### Data shown
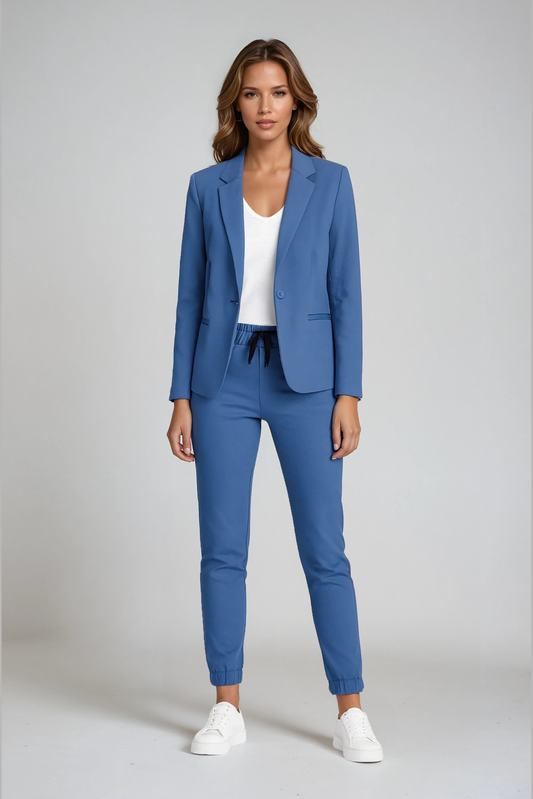 Maison Aurelle - Women’s Suit Set Premium Fabric Relaxed Fit Elegant Tailoring 0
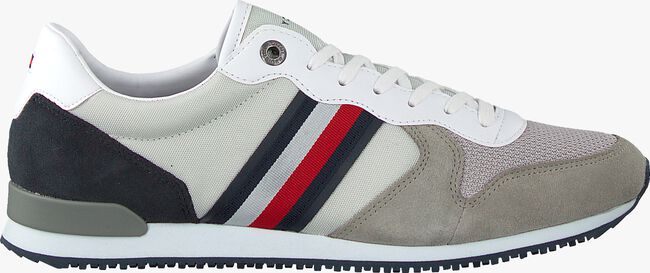 Graue TOMMY HILFIGER Sneaker low ICONIC RUNNER - large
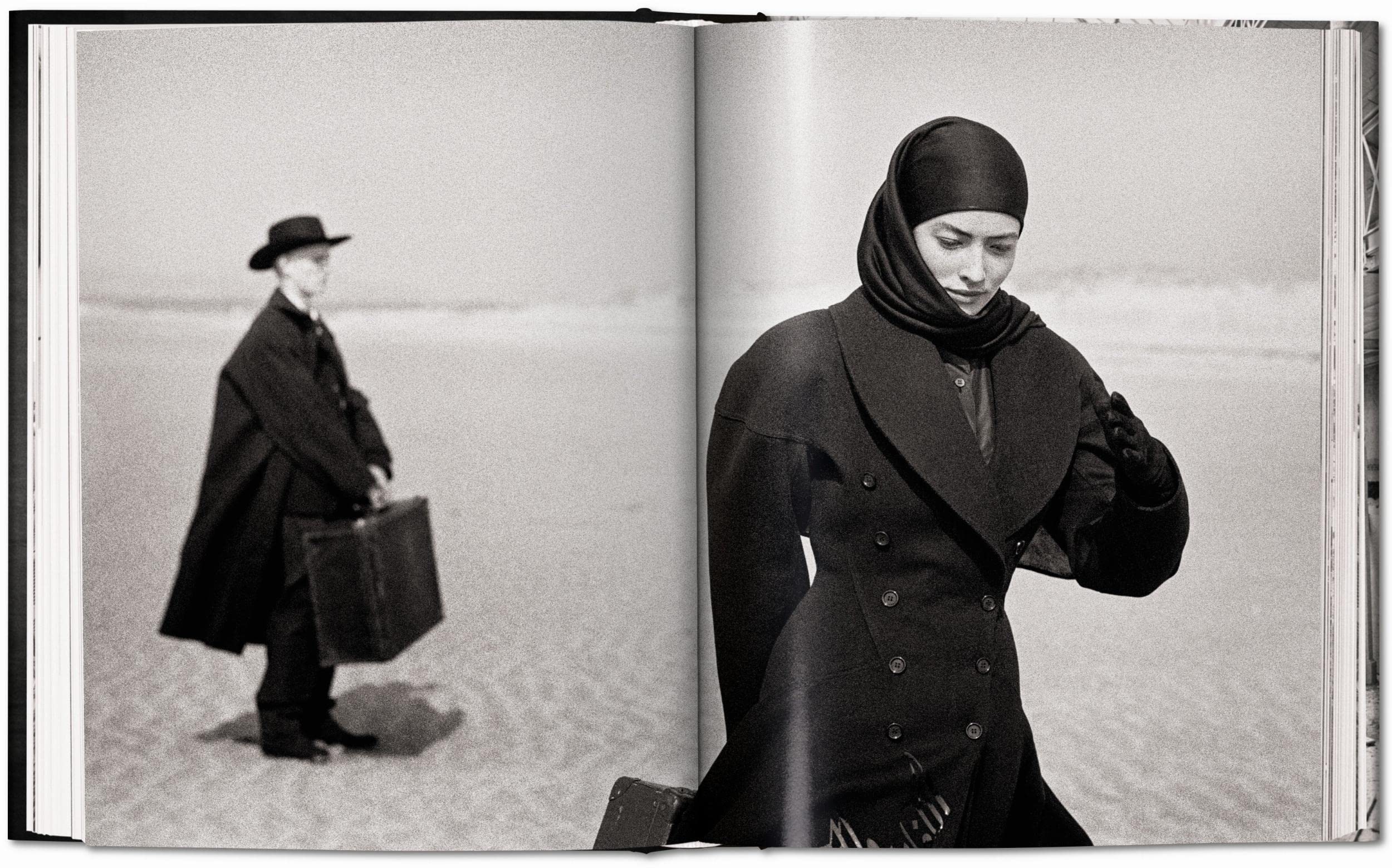 Peter Lindbergh. Azzedine Alaïa (Fotografia)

### Task requirements
Copy every line above exactly, leaving no picture in the copy.

### Output for this exercise
 Maison Aurelle - Women’s Suit Set Premium Fabric Relaxed Fit Elegant Tailoring 0
 Graue TOMMY HILFIGER Sneaker low ICONIC RUNNER - large
 Peter Lindbergh. Azzedine Alaïa (Fotografia)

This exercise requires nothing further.